Filed Under: Confirmation / Vacation of Arbitration Awards

SECOND CIRCUIT: CONVENING NEW ARBITRATION PANEL UNNECESSARY WHERE VACANCY IS CREATED BY RESIGNATION

June 28, 2010 by Carlton Fields

On August 3, 2009, we reported on a district court vacating its prior order that arbitration must commence anew and reappointing an arbitrator to the panel after the arbitrator’s health improved. Insurance Company of North America and INA Reinsurance (collectively, “INA”) appealed and also successfully moved for a stay pending the appeal in the Second Circuit, as we reported on April 15, 2010.

Now, the Second Circuit has issued its decision affirming the district court’s grant of Public Service Mutual Insurance Company’s motion for relief from the judgment based on newly discovered evidence that an arbitrator who had resigned was, in fact, able to rejoin the arbitration panel prior to the district court’s decision on whether to convene a new panel or order a replacement arbitrator. According to the Second Circuit, the general rule that a new panel should be convened if a vacancy arises on an arbitral panel due to the death of an arbitrator prior to the rendering of an award does not apply to a vacancy created by a resignation. The Second Circuit further found that the district court’s decision either to reappoint the arbitrator who had resigned, or, in the alternative, to direct INA to appoint a replacement was proper. Among other things, that decision avoided the waste entailed in convening a new panel after the remaining arbitrators had already engaged in significant proceedings in the case. Insurance Co. of North America v. Public Service Mutual Insurance Co., No. 09-3640 (2d Cir. June 23, 2010).
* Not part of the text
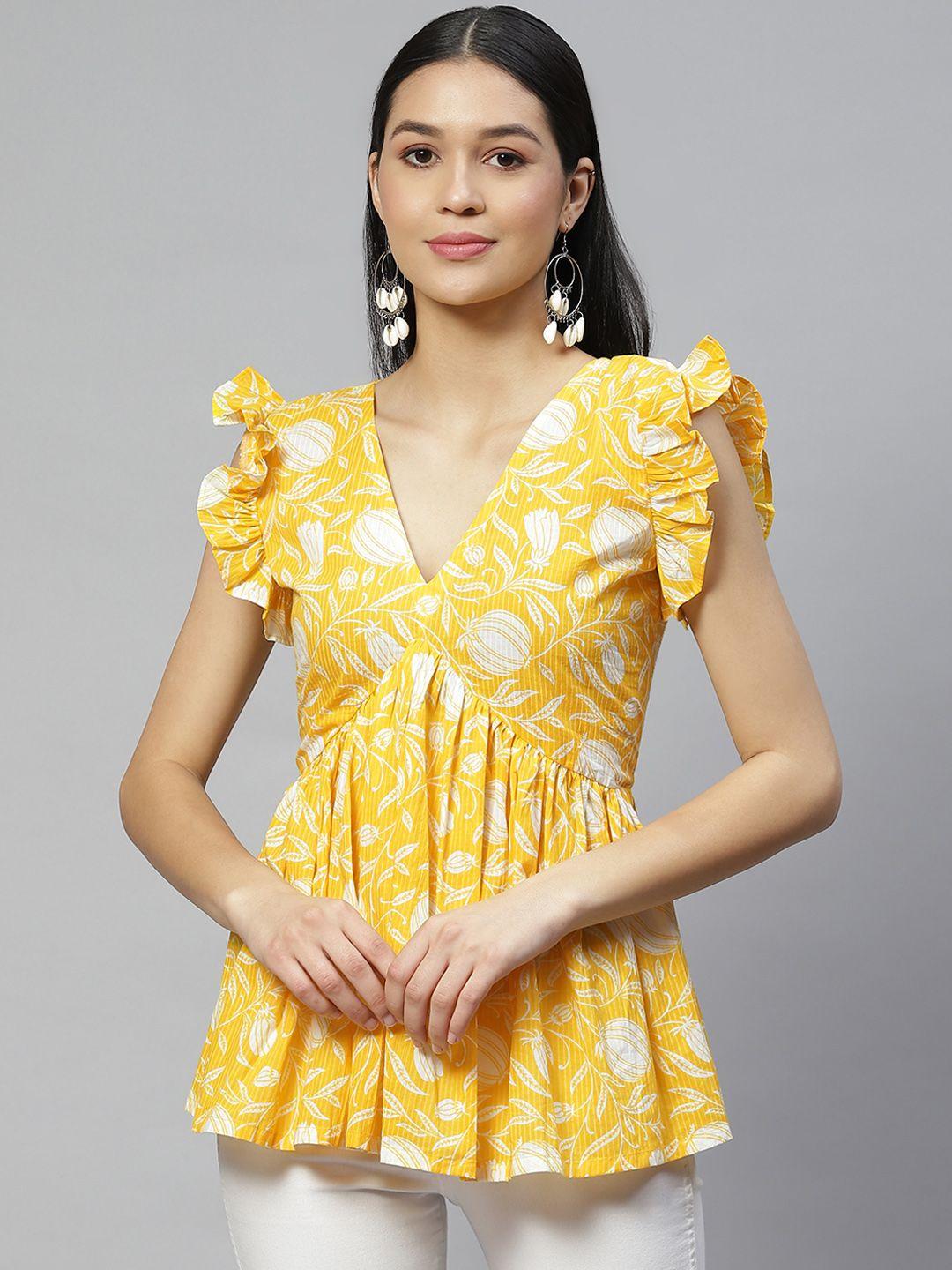 wabii yellow & white floral printed peplum top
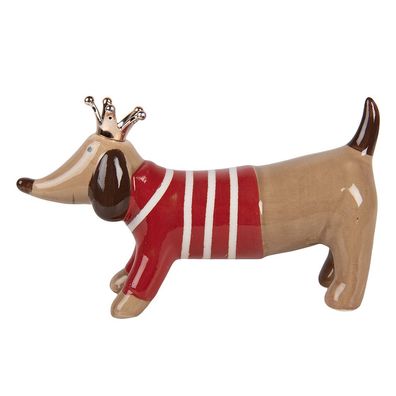 Clayre & Eef Dekorationsfigur Hund 24x6x13 cm Braun Keramik (Gr. 24x6x13 cm)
This post written by Brian Perryman.

Filed Under: Arbitration Process Issues, Week's Best Posts

COURT HOLDS NEW YORK CONVENTION COVERS DOMESTIC AWARDS THAT ARE “FOREIGN IN CHARACTER”

June 24, 2010 by Carlton Fields

A U.S. District Court has denied the Republic of Argentina’s motion to vacate a $185 million dollar arbitration award in favor of a British investor in Argentinean gas distribution. The award was made in an arbitration under the United Nations Commission on International Trade Law Rules, as provided in the Argentina-United Kingdom bilateral investment treaty.

As an initial matter, the court determined that it had proper subject matter jurisdiction over the matter under Chapter 2 of the FAA, also known as the Convention On The Recognition And Enforcement Of Foreign Arbitral Awards. Specifically, the court rejected Argentina’s arguments based on the Convention’s reciprocity clause, finding that an award made in the U.S. between a U.K. investor and a foreign state fell within the New York Convention as an award “not considered as domestic.” The court then rejected each of Argentina’s merits-based arguments, finding that the Court of International Arbitration did not exceed its powers in rejecting a challenge to one of the arbitrators based on bias, that the panel’s decisions were based on plausible constructions of the bilateral investment treaty, and that the panel did not otherwise abuse its powers. Republic of Argentina v. BG Group PLC, Case No. 08-485 (USDC D.D.C. June 7, 2010).